Enfin, on peut, aussi, se demander si cette linéarité narrative vient du fait que le film est tiré d’évènements réels. En effet, les noms et lieux utilisés dans le long-métrage sont les véritables éléments du fait divers montré dans Wicked Little Letters. Ainsi, est-ce cette volonté de représenter le réel qui a abouti sur ces choix narratifs ? On notera la sortie très particulière du producteur du film, Graham Broadbent : « Si quelqu’un débarquait avec l’histoire de deux femmes qui sont voisines et amies, puis s’opposent autour de lettres vénéneuses qui déchirent leur petite communauté, on pourrait trouver cela peu convaincant. Savoir que c’est véridique permet de plonger dans cette histoire, jusque dans ses côtés extrêmes, et d’enquêter sur ce qui s’est vraiment passé. Il y a un ancrage réel, une authenticité, qui permettent de se passionner pour le film »[1]. Ainsi, on nous dit que le film n’est pas bon parce qu’il est bon, mais parce que l’histoire qu’il raconte s’est véritablement passée et qu’elle est incroyable. Or, un film, c’est un film. Utiliser le réel pour raconter une histoire, pour promouvoir un message, c’est une chose, une chose qui a, d’ailleurs, été à l’origine de chef-d’œuvre par dizaines, mais utiliser celui-ci comme preuve de qualité, voire comme argument d’autorité, c’en est une autre. Le vrai n’est pas forcément vraisemblable et le propre de la fiction est d’inventer une histoire qui dépasse le réel, qu’elle s’en inspire ou non, afin de modeler une vision du Monde libérée de toute contrainte.

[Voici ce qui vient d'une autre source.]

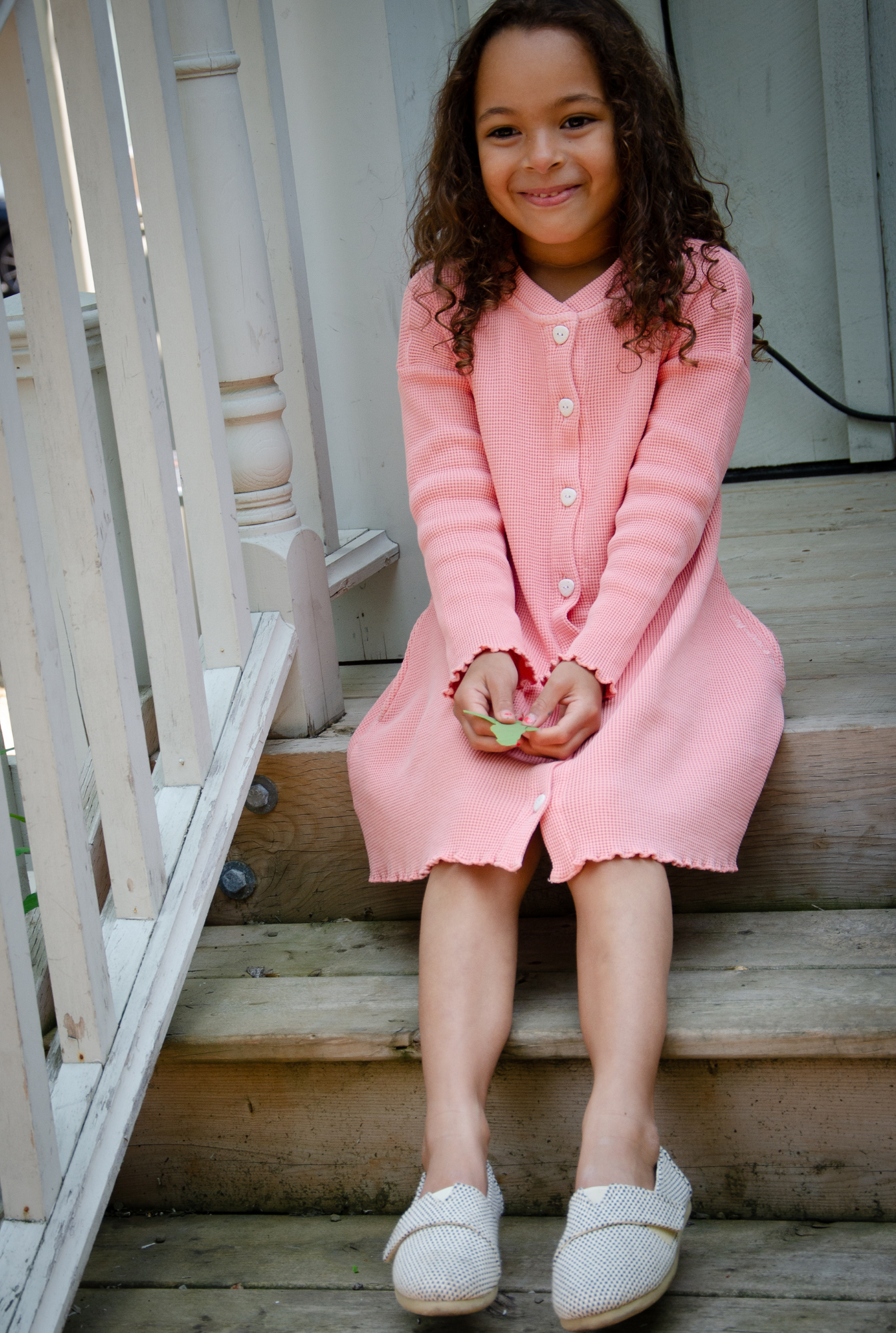 A six years old girl sitting on the staircase outside. She is wearing a beautiful long sleeve pink dress. Its made from 100% organic cotton and garment dyed in natural minerals. It's breathable and can be worn all year round.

Il est sans doute plus plausible que l’apathie de Wicked Little Letters ait des causes multiples, un mélange de militantisme pauvre, de volonté trop forte de coller au réel et de peu d’ingéniosité narrative. Il en résulte, donc, un film qui, autant dans sa forme que dans son fond, paraît avoir, au moins, quinze ans de retard, un film vu et revu, dont les personnages sont aussi attendus que l’histoire dans laquelle elles évoluent. En somme : le premier long-métrage de vingt minutes.